> WORK TO BE COMPLETED
Could you repeat the entries below exactly, but only from the line with "2026 Honda CR-V Hybrid AWD Sport Hybrid" through the line with "Higher Maths cover", and without any picture?

> DATASET ENTRIES
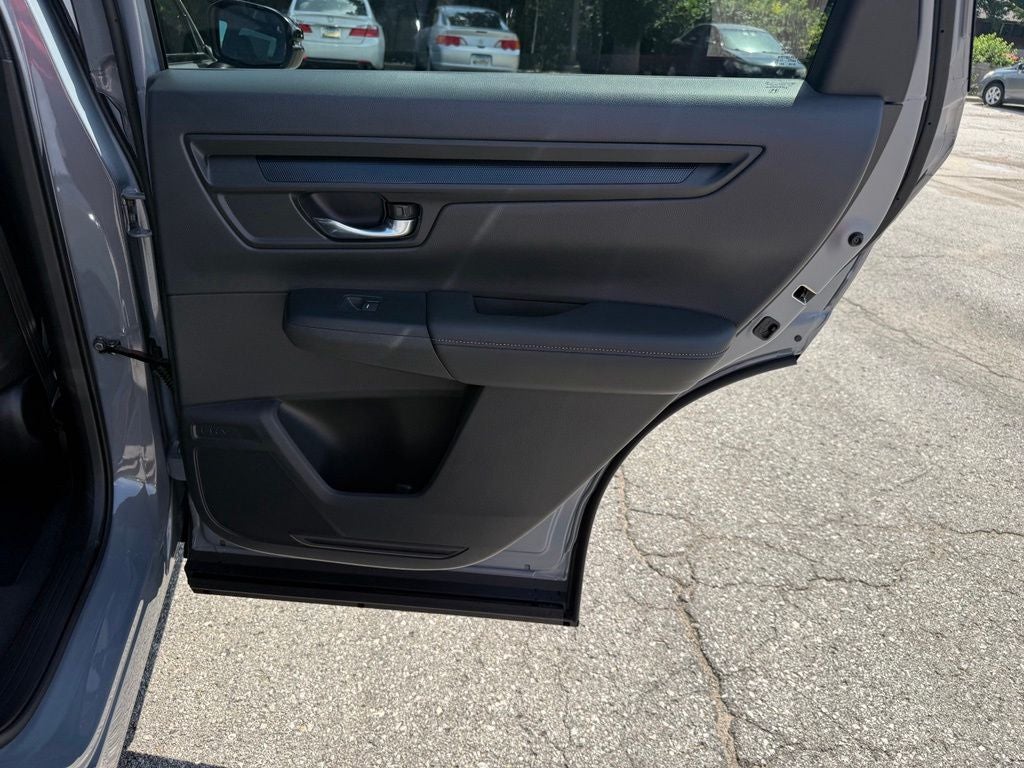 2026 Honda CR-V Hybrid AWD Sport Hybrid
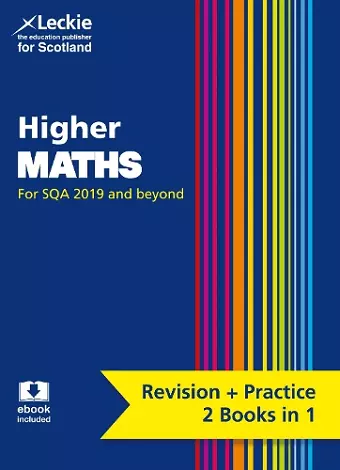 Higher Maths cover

--

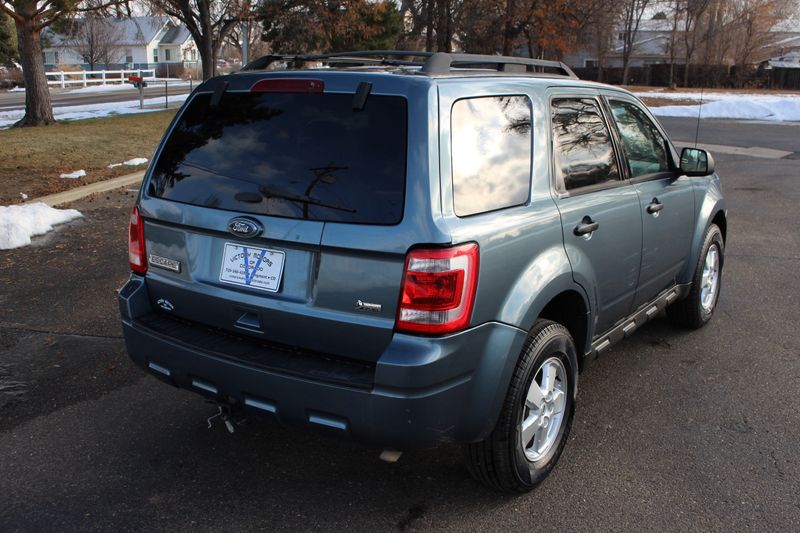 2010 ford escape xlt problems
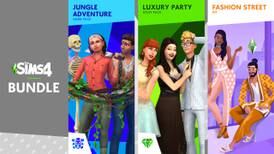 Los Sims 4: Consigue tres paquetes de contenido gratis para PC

...

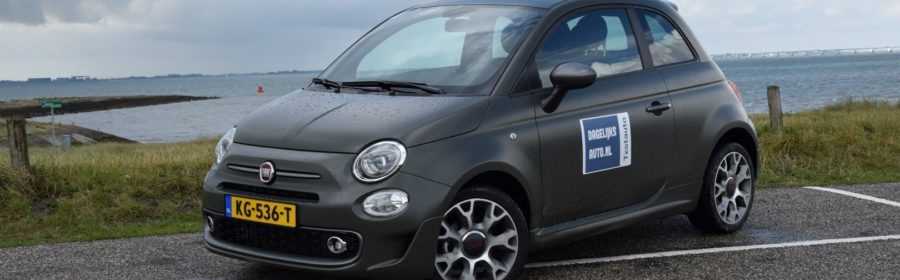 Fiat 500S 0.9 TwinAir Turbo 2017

> RESULT OF THE TASK
 2026 Honda CR-V Hybrid AWD Sport Hybrid
 Higher Maths cover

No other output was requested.